L’incident récent le plus emblématique s’est encore déroulé sur le site de Natanz (à 200 kilomètres au sud-est de Téhéran), haut lieu du programme nucléaire iranien, dédié à l’enrichissement de l’uranium. Après l’important incendie qui a ravagé un bâtiment dans la nuit du 2 au 3 juillet, l’Organisation iranienne de l’énergie atomique (OIEA) avait d’abord présenté celui-ci comme un "entrepôt", avant d’indiquer qu’il était prévu pour produire "davantage de centrifugeuses avancées", sans préciser si leur assemblage y avait déjà commencé. L’OIEA avait souligné que l’incendie n’avait pas affecté les opérations actuelles d’enrichissement de Natanz mais qu’il pourrait ralentir, à moyen terme, le développement et la production des machines de nouvelles générations. Le Conseil suprême de sécurité nationale avait aussi indiqué avoir établi les causes précises de l’accident mais refusé, pour "raisons de sécurité", de les dévoiler avant le "moment opportun". Fin août, l'OIEA avait finalement validé la thèse du sabotage, avant d'annoncer début septembre le lancement d'un projet d'usine de centrifugeuses avancées, destinée à remplacer les installations détruites.

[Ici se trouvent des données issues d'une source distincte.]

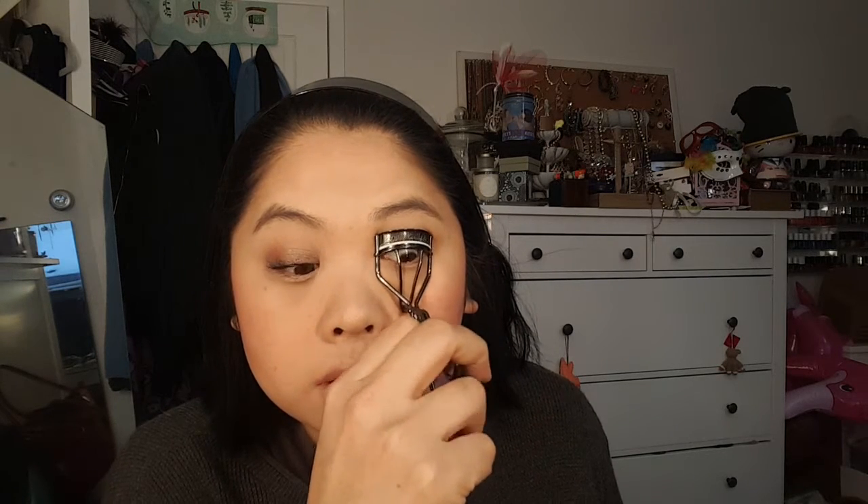For mascara I'm using the CoverGirl Lash Gloss first, but I've noticed a lot of transferring under my eyes, which tells me it's probably on its last legs. Once it's done I get to try the IT Cosmetics Superhero Mascara I haven't opened yet. I'm using a Shu Uemura classic eyelash curler - it's amazing, I love it. The only downside is they don't sell the replacement pads separately, so you have to buy a whole new curler, which isn't great.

La thèse du sabotage étranger, dont la presse israélienne s’est fait l’écho, avance qu’Israël - avec qui l’Iran est à couteaux tirés depuis des décennies - ne supporte pas que l’Iran avance à nouveau plus vite dans le développement d’un possible arsenal nucléaire, que l’accord de 2015 entendait mettre en veilleuse. D’où la nécessité de mettre en œuvre des actions de sabotage ciblées visant à freiner par la force ce qui l’est bien moins en raison du non-respect de l’accord.

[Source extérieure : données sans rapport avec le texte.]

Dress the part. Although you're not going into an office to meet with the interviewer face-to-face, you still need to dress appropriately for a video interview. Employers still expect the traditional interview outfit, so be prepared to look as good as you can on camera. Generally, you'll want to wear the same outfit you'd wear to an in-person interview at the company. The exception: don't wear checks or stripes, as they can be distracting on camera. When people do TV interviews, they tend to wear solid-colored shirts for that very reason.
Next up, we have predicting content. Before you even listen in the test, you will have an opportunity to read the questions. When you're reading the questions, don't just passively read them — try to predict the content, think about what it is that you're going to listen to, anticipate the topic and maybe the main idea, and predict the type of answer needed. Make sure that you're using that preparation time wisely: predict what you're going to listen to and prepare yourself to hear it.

Les explosions de la nuit du 10 juillet, qui ont provoqué des coupures de courant dans plusieurs localités de la banlieue ouest de Téhéran, ont donné lieu à des spéculations dignes d’un film d’espionnage. D’après le réseau saoudien Al Arabiya, elles auraient touché un dépôt de missiles des Gardiens de la révolution (pasdarans) au sud-ouest de la capitale. Des sources israéliennes évoquent, elles, un bombardement par des F-35 furtifs. Cette thèse, relayée par le think tank European Strategic and Security Center (Esisc) basé à Bruxelles, prétend que l’attaque aurait visé, en premier lieu, des centrales électriques afin de neutraliser les radars et de permettre, dans un second temps, de bombarder un chargement de missiles sur le point d’être embarqué sur un vol à destination de Damas sur l’aéroport de Garmdareh, contrôlé par les pasdarans. Là aussi, Israël a tout intérêt que ces armes n’arrivent pas en Syrie voisine.

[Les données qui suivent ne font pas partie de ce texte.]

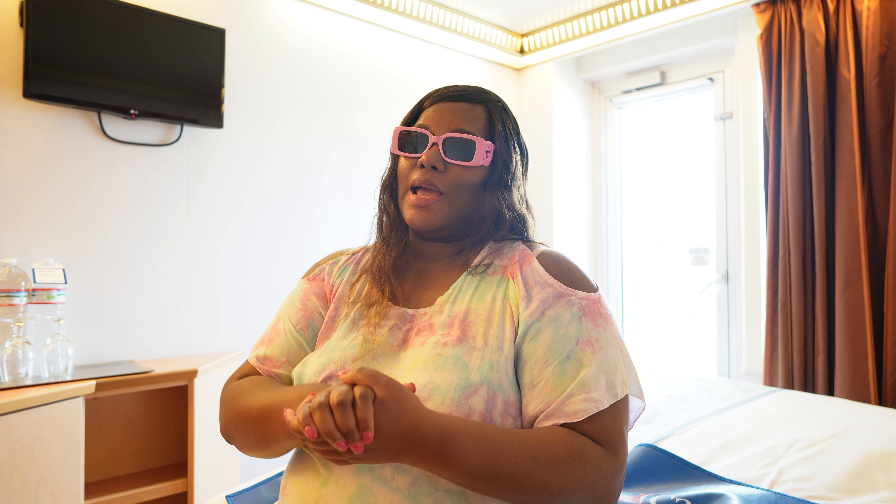So that is our room tour of our balcony room. If you have any questions please let me know — we'll be happy to answer them. And we'll see you on our next non-stop adventure. Peace.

De nombreuses interprétations de ces événements existent mais il est difficile de prouver si les thèses accidentelles avancées par les autorités iraniennes - dont le manque de transparence est notoire - masquent des opérations de sabotage. Pour Clément Therme, la vraie question concerne toutefois moins la réalité de cette "guerre secrète" que le débat qu’elle suscite. "La question est de savoir s’il faut chercher un compromis par la voie diplomatique avec un régime difficile et non transparent comme la République islamique ou si, par manque de confiance, il faut recourir à des actions clandestines tous azimuts, sans rechercher une confrontation militaire ouverte mais en prenant le risque d’une escalade et donc d’une confrontation réelle, puisque l’Iran peut toujours réagir."